RECORDED INFORMATION:
══════════

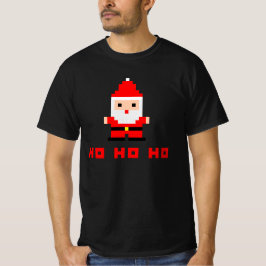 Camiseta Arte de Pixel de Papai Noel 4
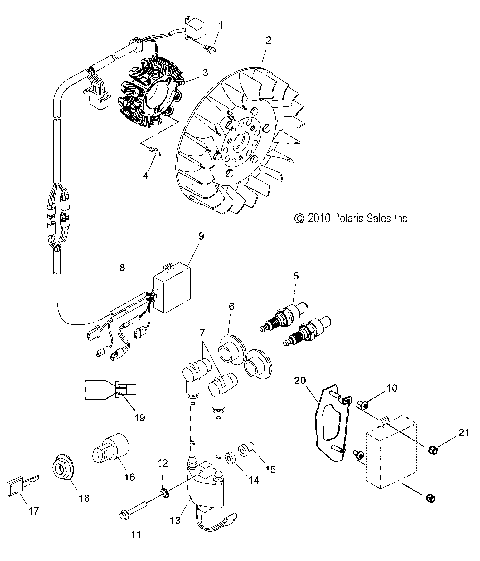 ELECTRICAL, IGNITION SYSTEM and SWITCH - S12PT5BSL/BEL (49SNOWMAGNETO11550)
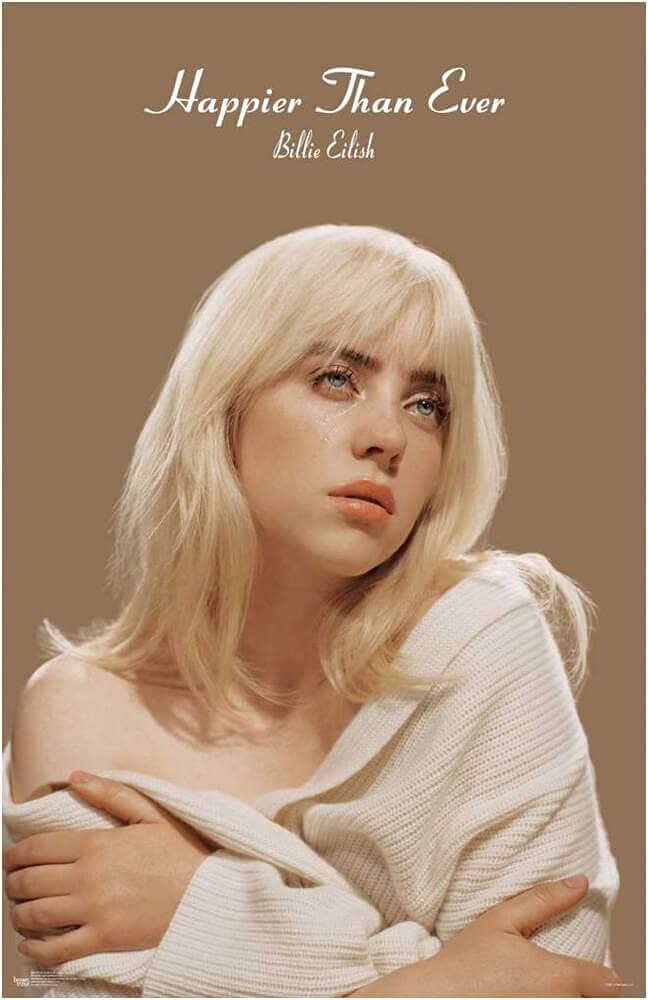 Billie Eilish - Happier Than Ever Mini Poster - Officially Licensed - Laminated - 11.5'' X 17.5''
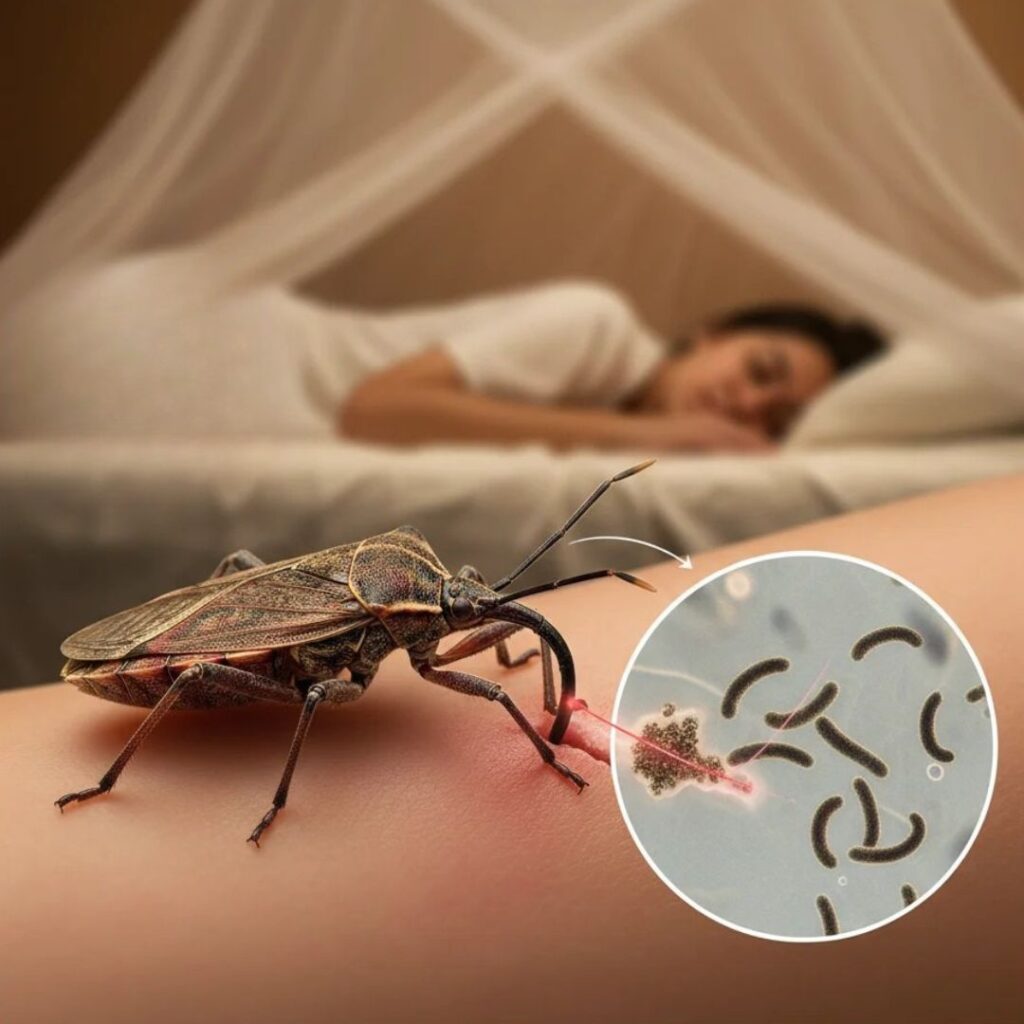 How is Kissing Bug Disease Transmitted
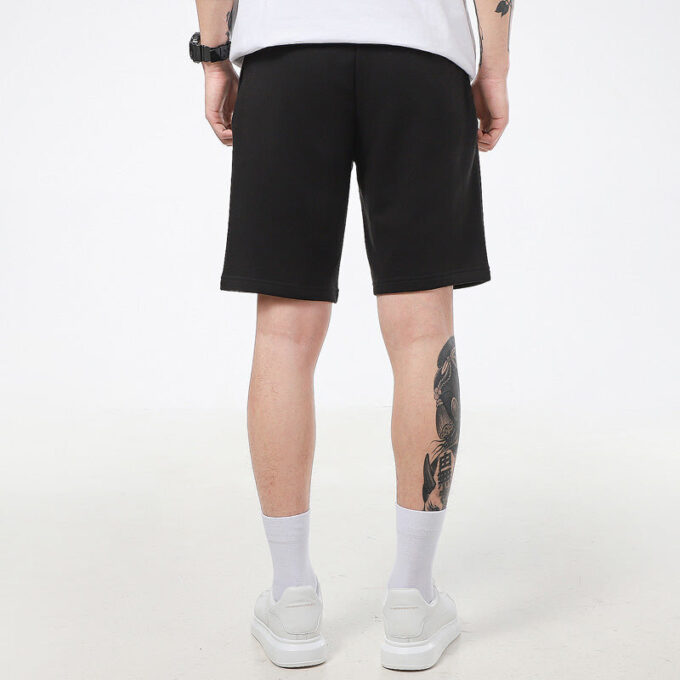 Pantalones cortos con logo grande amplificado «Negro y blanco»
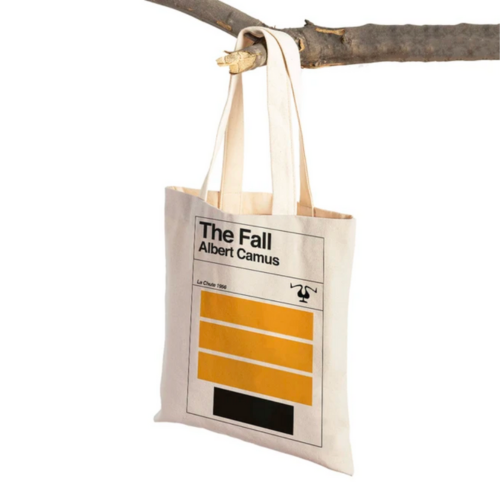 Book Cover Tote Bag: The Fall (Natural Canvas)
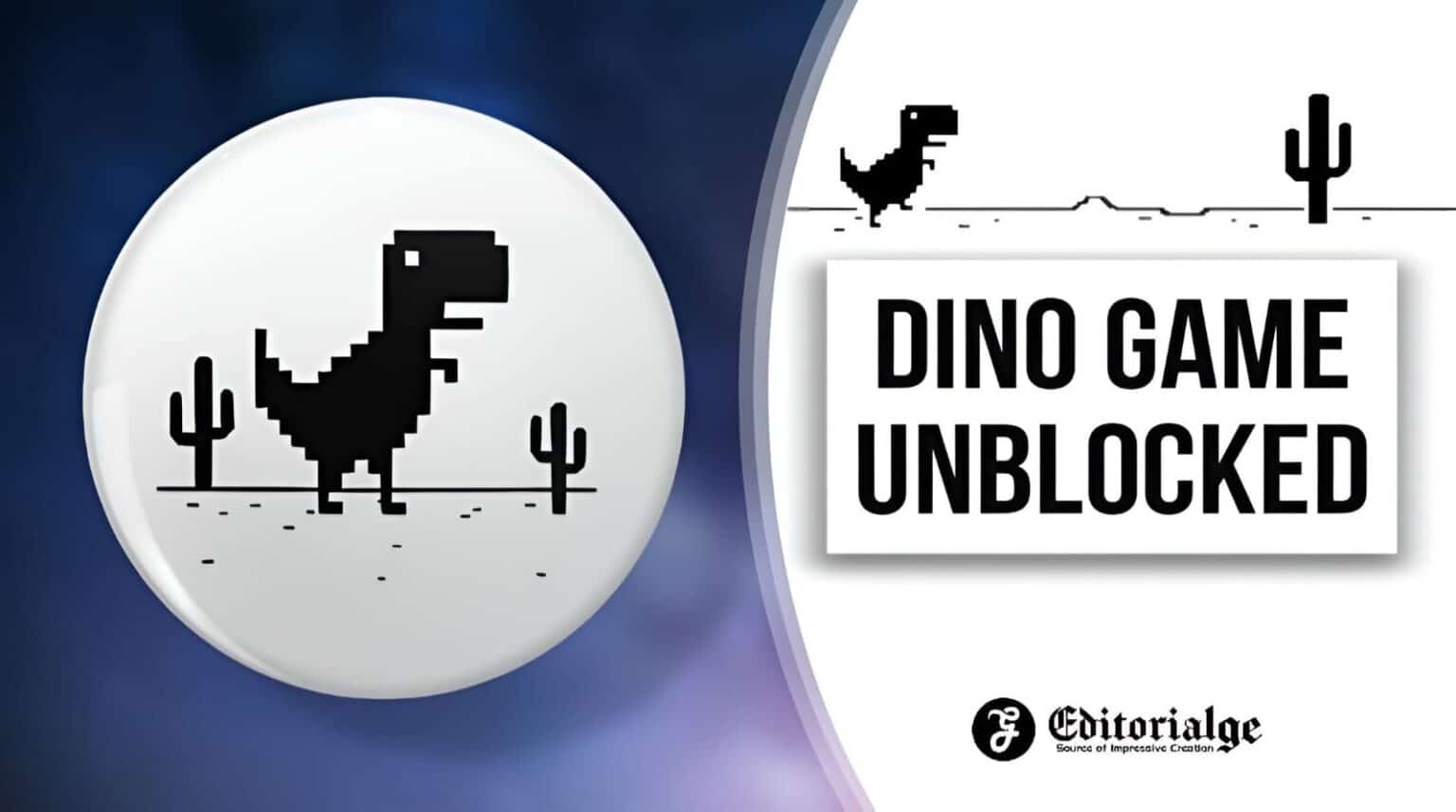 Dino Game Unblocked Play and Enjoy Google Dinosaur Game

══════════

WHAT THIS TASK INVOLVES:
Copy each entry above exactly; drop the pictures.

EXERCISE ANSWER:
 Camiseta Arte de Pixel de Papai Noel 4
 ELECTRICAL, IGNITION SYSTEM and SWITCH - S12PT5BSL/BEL (49SNOWMAGNETO11550)
 Billie Eilish - Happier Than Ever Mini Poster - Officially Licensed - Laminated - 11.5'' X 17.5''
 How is Kissing Bug Disease Transmitted
 Pantalones cortos con logo grande amplificado «Negro y blanco»
 Book Cover Tote Bag: The Fall (Natural Canvas)
 Dino Game Unblocked Play and Enjoy Google Dinosaur Game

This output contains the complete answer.